辻堂で過ごした忍の記憶は曖昧だが、八郎がそばにいてかわいがってくれたことはよく覚えている。平仮名やカタカナ、算数を教えてくれ、ディズニーの『バンビ』や『ダンボ』の映画や、遊園地、夏には辻堂の海へ海水浴に連れて行ってくれた。

祖母のたまが、一九四八(昭和二十三)年十月十三日に亡くなった。恵介は、この日松竹京都撮影所で島崎藤村の『破戒』を撮影中だったため、とんぼ返りで、最愛の母の死に立ち会うことはできなかった。

八郎が使い走りなど何でもよくやってくれていたこの頃は、恵介は長いロケにも安心して出かけられ、映画製作に一層の力を注いでいた時期と言える。武則と忍は八郎だけでなく、祖父・周吉や安子、和司にもかわいがられ、恵介も家にいるときは、小さな二人の子供の仕草に癒された。

恵介は結婚を望むことはなかったが、男の子を自分の子にしたいという気持ちがあった。
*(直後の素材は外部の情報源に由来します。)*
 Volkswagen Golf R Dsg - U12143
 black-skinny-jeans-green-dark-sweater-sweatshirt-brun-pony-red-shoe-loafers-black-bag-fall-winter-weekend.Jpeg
幼い武則がそばにいて懐くようになると、かわいいだけでなく聡明なところがあることもわかり、武則を養子にしたいと思う気持ちが強くなった。

武則といつも一緒にいる忍も、揃って養子にすることになった詳しい経緯はわからないが、一九五一(昭和二十六)年十二月八日、武則八歳、忍六歳のとき、養子縁組の手続きを取って恵介の籍に入った。恵介が初めてのヨーロッパ旅行に出かけた一か月後のことで、八郎が政二と房子の書類を添えて、藤沢市役所に届を出している。

その一年半後の一九五三(昭和二十八)年五月六日、七十六歳の父・周吉危篤の連絡を受けると、映画『日本の悲劇』撮影中の恵介は急いで家に戻り、木下家の兄弟たちとともに、周吉の最期を見送った。享年七十六歳であった。